_Given information:_

□ □ □ □ □

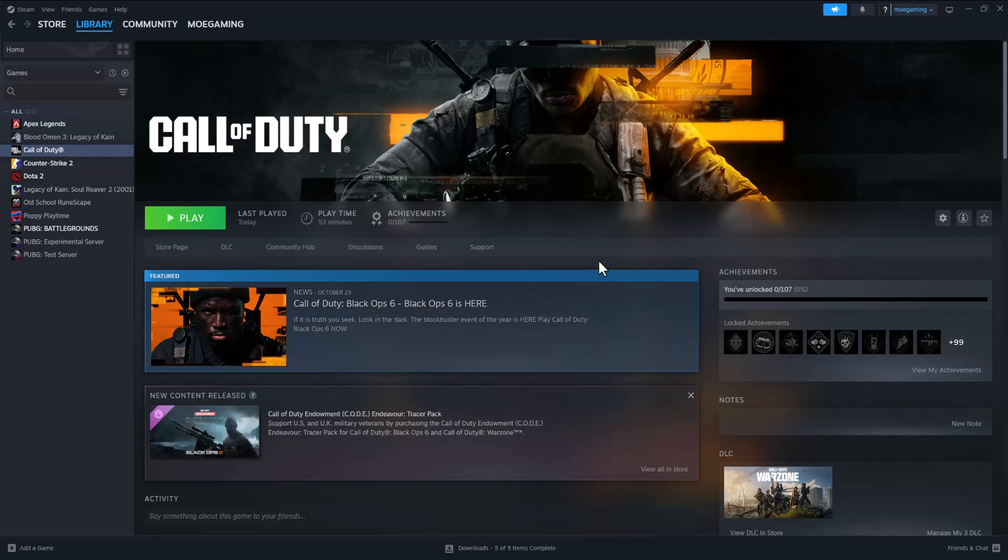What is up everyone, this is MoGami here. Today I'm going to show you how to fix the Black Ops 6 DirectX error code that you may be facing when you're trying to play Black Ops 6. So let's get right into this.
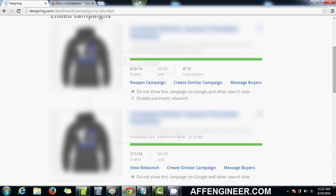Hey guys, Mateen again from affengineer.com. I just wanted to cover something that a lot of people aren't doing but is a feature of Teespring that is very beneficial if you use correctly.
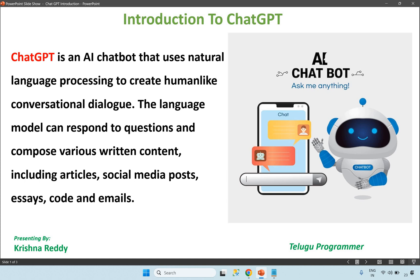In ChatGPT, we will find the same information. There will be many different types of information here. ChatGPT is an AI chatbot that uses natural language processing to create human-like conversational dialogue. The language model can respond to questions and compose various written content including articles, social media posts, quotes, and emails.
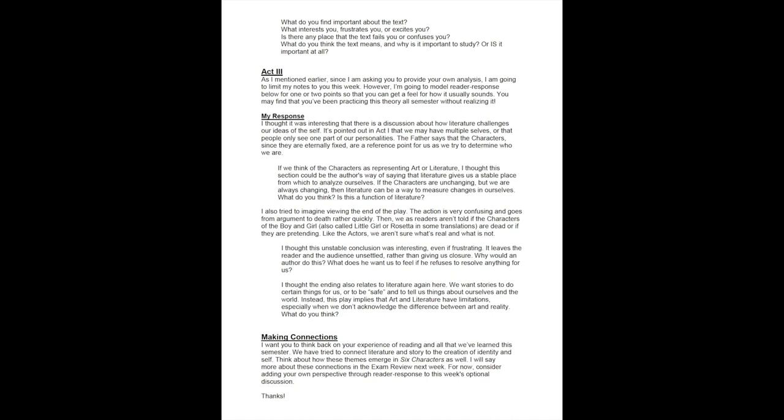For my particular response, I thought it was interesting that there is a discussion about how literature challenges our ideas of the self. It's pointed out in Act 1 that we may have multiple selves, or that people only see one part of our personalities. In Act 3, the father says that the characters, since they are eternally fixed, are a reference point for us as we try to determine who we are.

□ □ □ □ □

_Work to complete:_ The expected output is an exact copy of the lines from the one holding "In ChatGPT, we" through the last line of the listing above, with the pictures omitted.

_Written solution:_
In ChatGPT, we will find the same information. There will be many different types of information here. ChatGPT is an AI chatbot that uses natural language processing to create human-like conversational dialogue. The language model can respond to questions and compose various written content including articles, social media posts, quotes, and emails.
For my particular response, I thought it was interesting that there is a discussion about how literature challenges our ideas of the self. It's pointed out in Act 1 that we may have multiple selves, or that people only see one part of our personalities. In Act 3, the father says that the characters, since they are eternally fixed, are a reference point for us as we try to determine who we are.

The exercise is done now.